I'm interested in keeping crabs, but I don't know what kind to get. The two kinds i've seen at pet stores are red clawed crabs and fiddler crabs.
I am curious as to the differences between the two types of crabs. 

What water conditions do each of them prefer?

Do either of them like to be in groups, or are they both territorial?

How many of either kind can I keep in a 10 or 20 gallon tank?

Do they like different substrates, foods or anything else?

Do either of them get along better with other fish?


Any information on the subject is greatly appreciated :-o 
Thanks, Seth.


----------



## maxpayne_lhp

I think the first one can live underwater and the second must have a basking place... I'll try to help you with the latter cause the first I don't know much.



> What water conditions do each of them prefer?


Fiddler crabs live in brakish condition, a sandy basking place to dig.

[quote[ Do either of them like to be in groups, or are they both territorial?[/quote]
I saw them kept in group.



> Do they like different substrates, foods or anything else?

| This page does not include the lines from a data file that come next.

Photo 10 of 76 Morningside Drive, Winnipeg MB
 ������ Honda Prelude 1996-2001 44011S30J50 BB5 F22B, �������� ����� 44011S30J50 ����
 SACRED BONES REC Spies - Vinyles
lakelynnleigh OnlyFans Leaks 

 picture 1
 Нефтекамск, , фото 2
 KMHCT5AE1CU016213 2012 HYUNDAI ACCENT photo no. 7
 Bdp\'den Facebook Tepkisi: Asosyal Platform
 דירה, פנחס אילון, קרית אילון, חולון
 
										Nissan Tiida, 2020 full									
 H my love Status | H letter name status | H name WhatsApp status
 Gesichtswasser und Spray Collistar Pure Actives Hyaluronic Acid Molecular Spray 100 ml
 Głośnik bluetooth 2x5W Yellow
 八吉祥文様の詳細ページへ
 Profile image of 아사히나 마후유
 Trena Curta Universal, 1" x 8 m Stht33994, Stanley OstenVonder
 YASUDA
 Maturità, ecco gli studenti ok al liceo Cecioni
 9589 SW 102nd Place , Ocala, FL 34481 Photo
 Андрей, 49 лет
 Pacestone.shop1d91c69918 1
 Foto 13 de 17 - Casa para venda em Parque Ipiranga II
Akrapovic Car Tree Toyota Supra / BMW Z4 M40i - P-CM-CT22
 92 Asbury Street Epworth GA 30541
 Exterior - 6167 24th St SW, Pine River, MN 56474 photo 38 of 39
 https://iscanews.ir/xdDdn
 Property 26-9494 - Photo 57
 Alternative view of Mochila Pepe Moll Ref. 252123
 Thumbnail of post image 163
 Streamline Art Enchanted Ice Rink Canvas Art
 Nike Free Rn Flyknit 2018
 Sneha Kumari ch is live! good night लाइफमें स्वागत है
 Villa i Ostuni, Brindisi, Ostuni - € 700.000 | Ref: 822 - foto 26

I think sand is the best. Not sure about food, chopped fish?
[qupte]
Do either of them get along better with other fish?[/quote]
I doubt that, as the basking place may low the water level so besides mud-skippers, I don't knwo what else to keep.


----------



## blakeoe

red claw crabs are fully aquatic (can live completely underwater) They do not NEED salt but like a neutral Ph and will eat anything on the bottom including flake food and shrimp pellets im sure they'd love a dead fish or shrimp now and then. I have never heard of either types bothering healthy fish, they're too slow but may pick off a sick one. Substrate shouldn't matter ive kept them in gravel and sand. They do like rocks to climb on but MAKE SURE THEY CAN NOT GET OUT!! THEY ARE ESCAPE ARTISTS!! i have seen them climb to the top of the aquarium using only the sealant in the corner of the tank. Make sure you have a top with no holes!! Not sure about fidlers but red claw crabs should be stocked at 1 male per square foot but if they do fight it's usually not bad. Some people will say red claw crabs need a basking place, salt water, etc.. everything i have said is from experience i have been keeping red claw crabs for months now and they do just fine with my tank and i have no basking place or salt or anything special to accomidate them any different than my fish.


----------



## maxpayne_lhp

A hood can be good, either trap them in or prevent evoparation.


----------



## ChickenScratch

Ok thanks for the info


----------